Problem details →
Return an exact copy of the data, starting at its first line and ending at the line that contains "Redtag-Mint-Frill-Neck-Blouse-Blouses-Girls-2 to 8", minus any pictures.
Information supplied Block Start
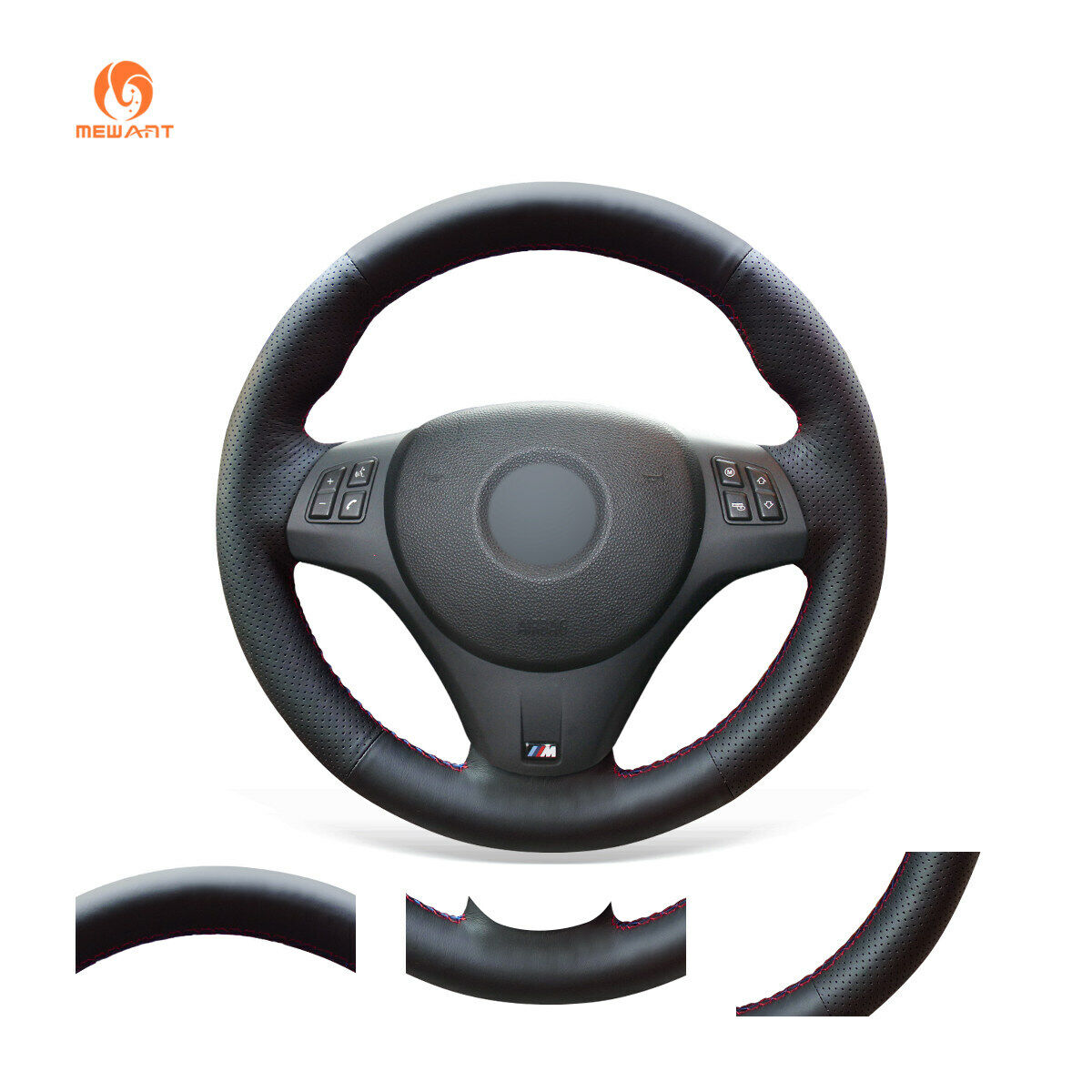 PU Leather Car Steering Wheel Cover for BMW M Sport M3 E90 E91 E92 E93  E87 E81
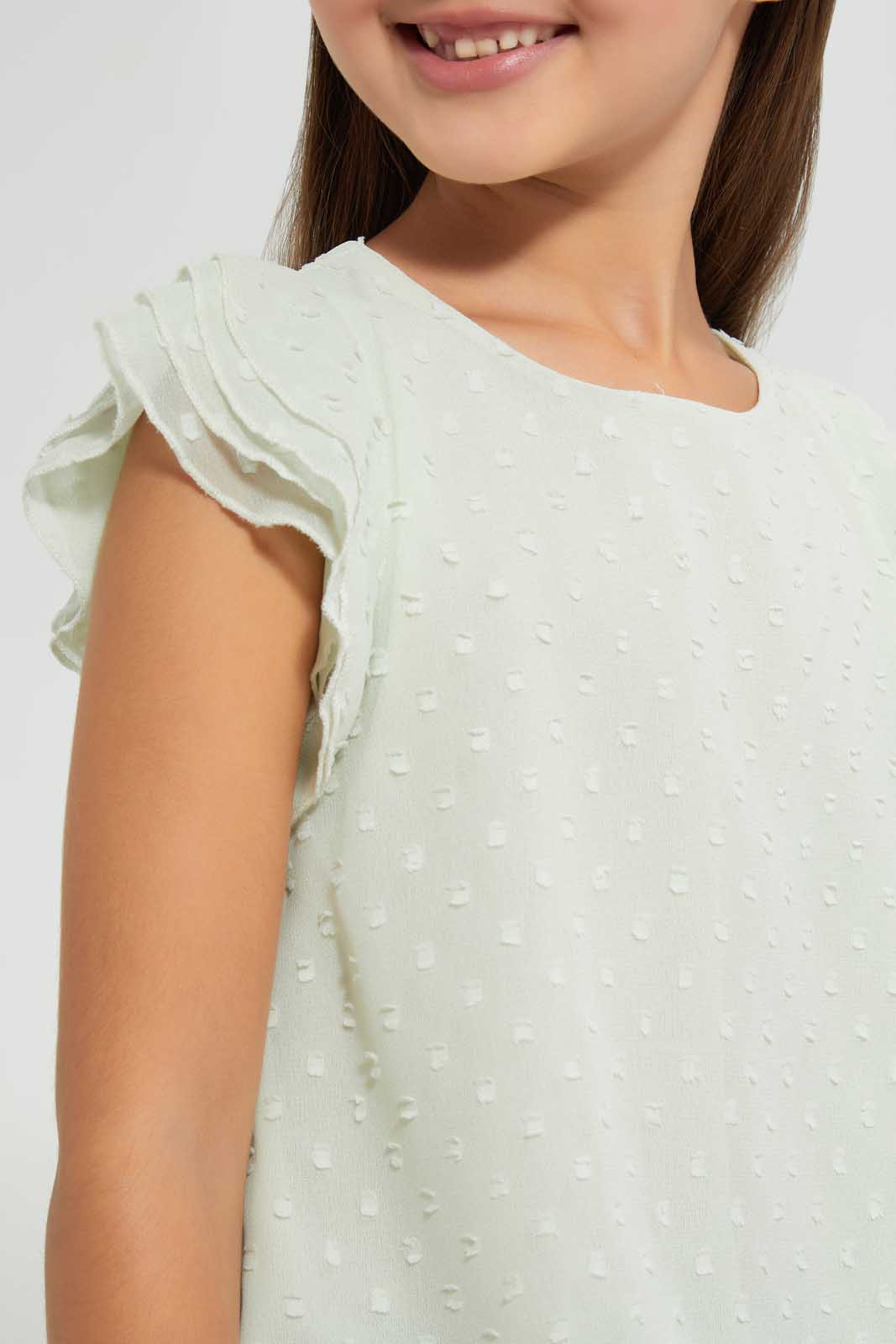 Redtag-Mint-Frill-Neck-Blouse-Blouses-Girls-2 to 8 Years
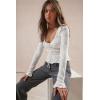 imageImily Bela Womens Long Sleeve Scoop Neck Tops Going Out Crop Tops Sexy Slim Fit Blouses Lace ShirtsWhitewith Lining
Information supplied Block End
Exercise answer →
 PU Leather Car Steering Wheel Cover for BMW M Sport M3 E90 E91 E92 E93  E87 E81
 Redtag-Mint-Frill-Neck-Blouse-Blouses-Girls-2 to 8 Years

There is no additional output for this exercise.